Stored data:
=== Section Start ===

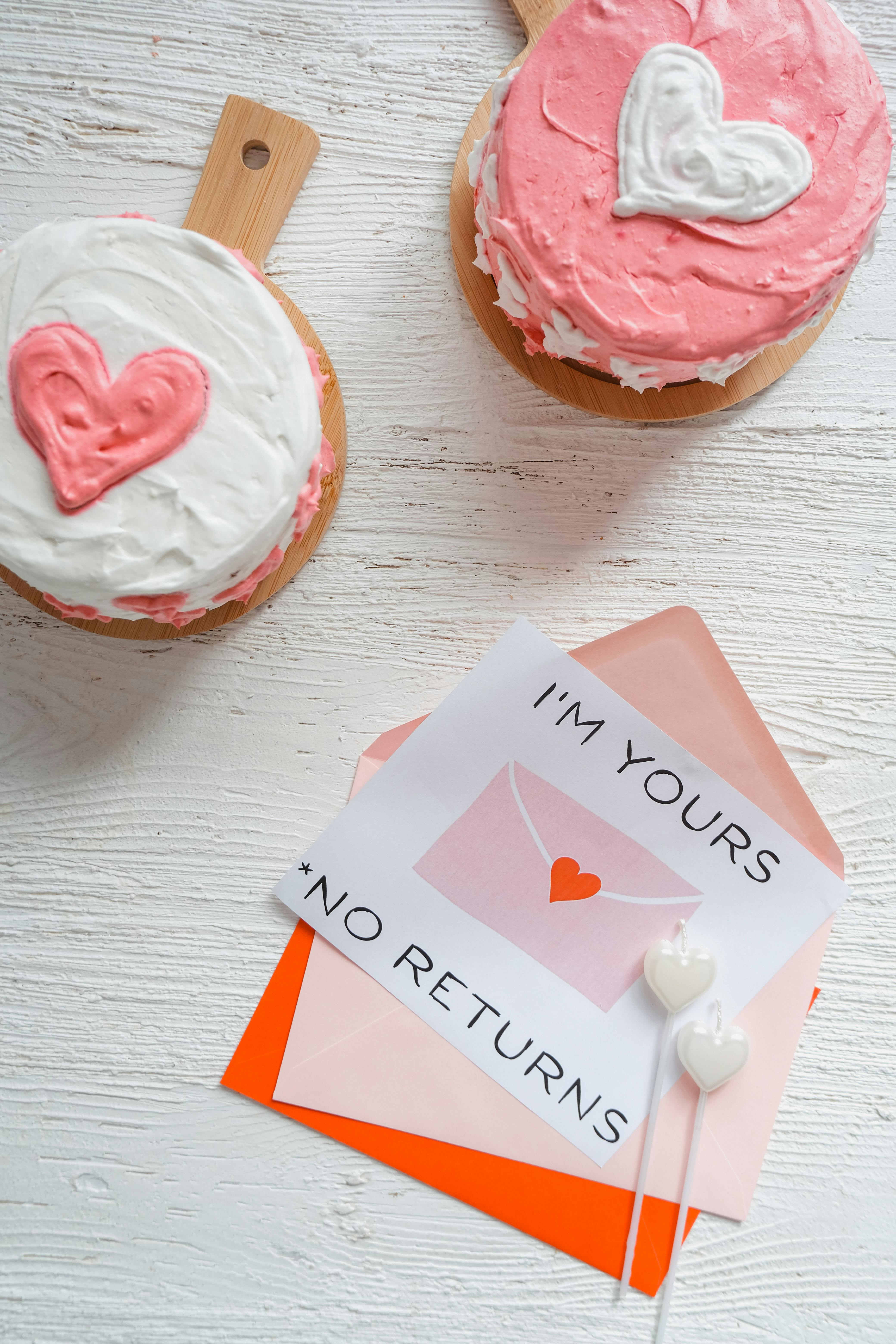 Heart-shaped cakes and a love note on white background, perfect for romantic occasions.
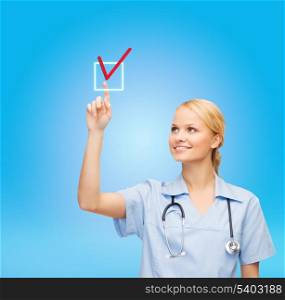 healthcare, medicine and technology concept - smiling young doctor or nurse selecting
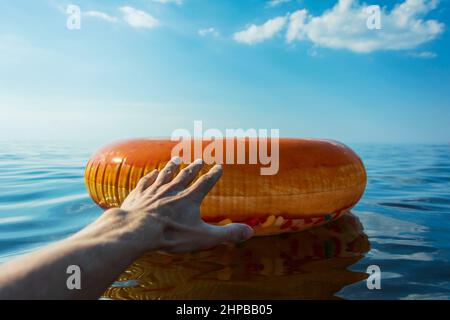 La mano di una persona si allunga per aiutare un cerchio gonfiabile multicolore per nuotare sull'acqua di mare in una calda giornata di sole, un galleggiante di ciambella per nuotare Foto Stock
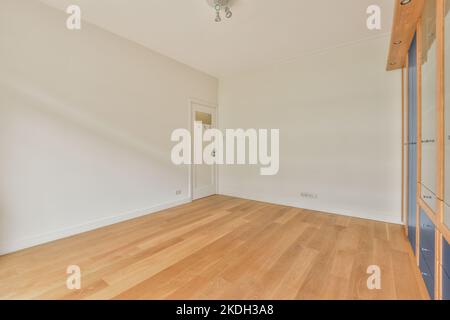 Interior of empty white room with large balcony windows with cupboard and parquet floor Stock Photo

=== Section End ===

For this step, transcribe all the material above exactly and drop the images.

Result for this exercise:
 Heart-shaped cakes and a love note on white background, perfect for romantic occasions.
 healthcare, medicine and technology concept - smiling young doctor or nurse selecting
 La mano di una persona si allunga per aiutare un cerchio gonfiabile multicolore per nuotare sull'acqua di mare in una calda giornata di sole, un galleggiante di ciambella per nuotare Foto Stock
 Interior of empty white room with large balcony windows with cupboard and parquet floor Stock Photo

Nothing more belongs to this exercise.